[Back on G’swigt’s planet]
G’SWIGT: So you’re stranded here on Olys.
ALKINA: Yes, that about sums it up.
G’SWIGT: And your connection to your ship, um “RIA”, is damaged?
ALKINA: Yes. Well, I was able to fix RIA’s communications module but the atmosphere of the planet is blocking the signal.
G’SWIGT: So what do you propose to do?
ALKINA: Well, I plan on taking apart the escape pod to see if I can build a rocket. But it’s an ion drive so I’m going to have to hope that this area contains sufficient elements for … constructing a rocket.

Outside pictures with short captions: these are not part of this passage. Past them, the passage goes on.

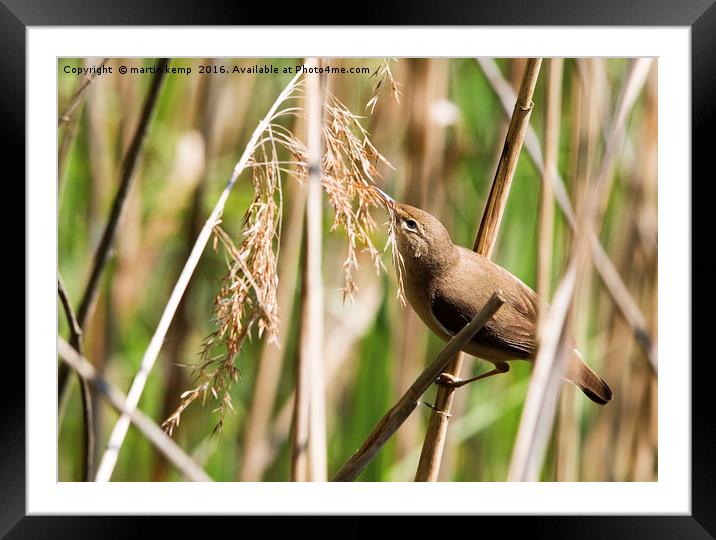 Reed Warbler Framed Mounted Print by Martin Kemp Wildlife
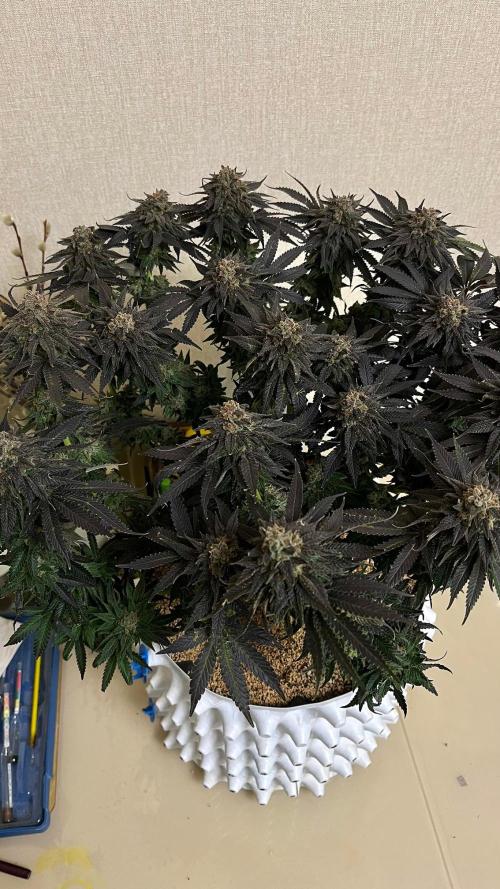Animorph Mints & Señor Piña v.2. Week 14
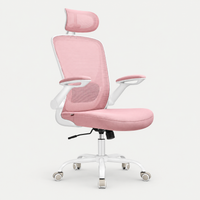 Chaise de bureau ergonomique en maille avec soutien lombaire – Rose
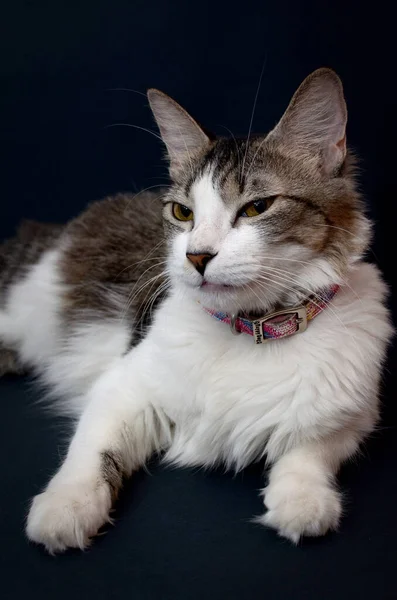 Beautiful Portrait Kitten Lying Its Side Black Background — Stock Photo, Image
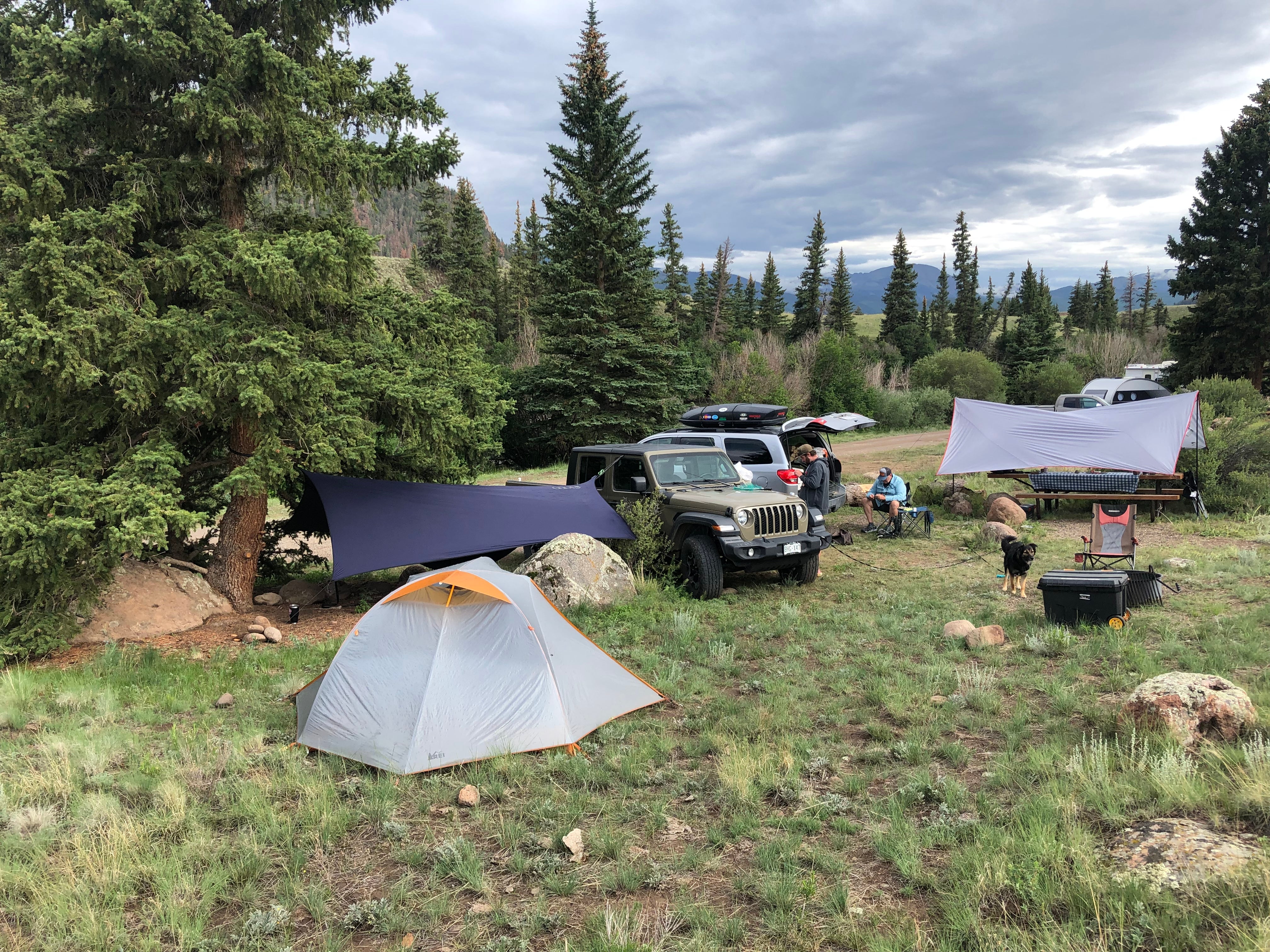 Camper submitted image from Rio Grande Campground - 1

G’SWIGT: Rockets eh? You’ll be hard pressed to find a good fuselage or solid fuel here.
G’SWIGT: But in my workshop…I bet I have what you need?
ALKINA: You have rocket parts and fuel?
G’SWIGT: Yes. I do rocket testing here on this planet and my sensors detected your rather inelegant descent. Please, come with me, I will help you locate your ship
ALKINA: Or at least help Epo locate me.
What does it mean?
rocket – a vehicle that uses its onboard fuel as a propellant.

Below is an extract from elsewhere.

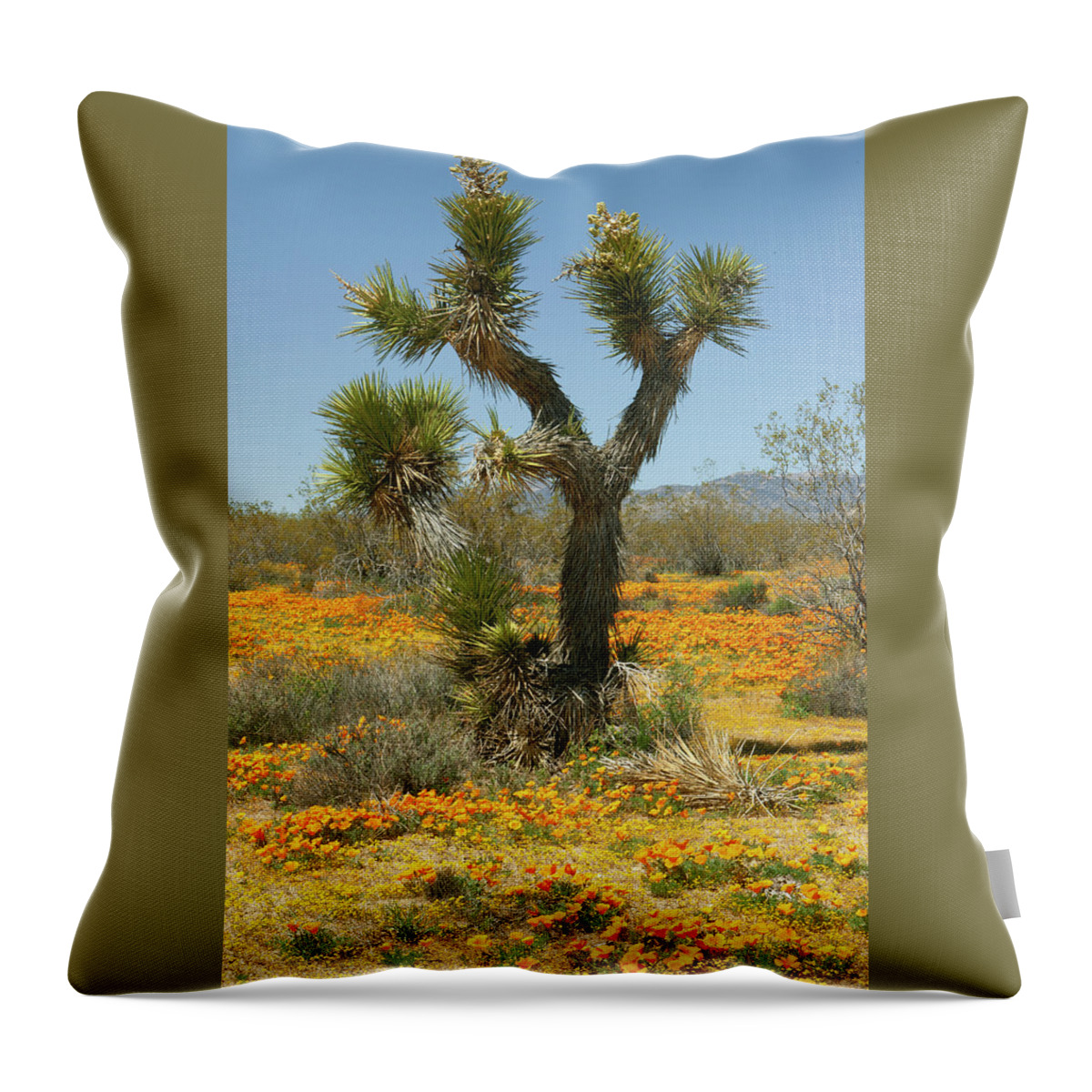 Mojave Desert Wildflowers Throw Pillow featuring the photograph Joshua Tree and Wildflowers in Mojave Desert by Ram Vasudev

ion drive – an engine that uses ions to produce thrust.
Fuselage – the whole of the main body of a rocket or aircraft.
solid fuel – solid, as opposed to liquid or gas, fuel for rockets that range from gunpowder to more chemically complex mixtures.
In human speak please!
Why can’t Alkina use the ion drive to launch RIA into the atmosphere? It is a matter of acceleration. Ion drives accelerate very slowly and are unable to effectively escape a planet’s surface gravity. But if launched from space an ion drive’s final speed could far exceed that of a conventional solid fuel rocket.
Solid fuel rockets, on the other hand, are widely used to attain planetary escape velocities. Their initial acceleration greatly exceeds that of an ion drive, but solid fuel rockets run out of fuel much faster than an ion drive.
Ion drives use magnetic fields to accelerate ions, positively charged particles, while rockets use chemical fuels. Currently ion drives are used in some space exploration satellites such as NASA’s Deep Space 1 (launched in 1998) and the European Space Agency’s GOCE (launched in 2009).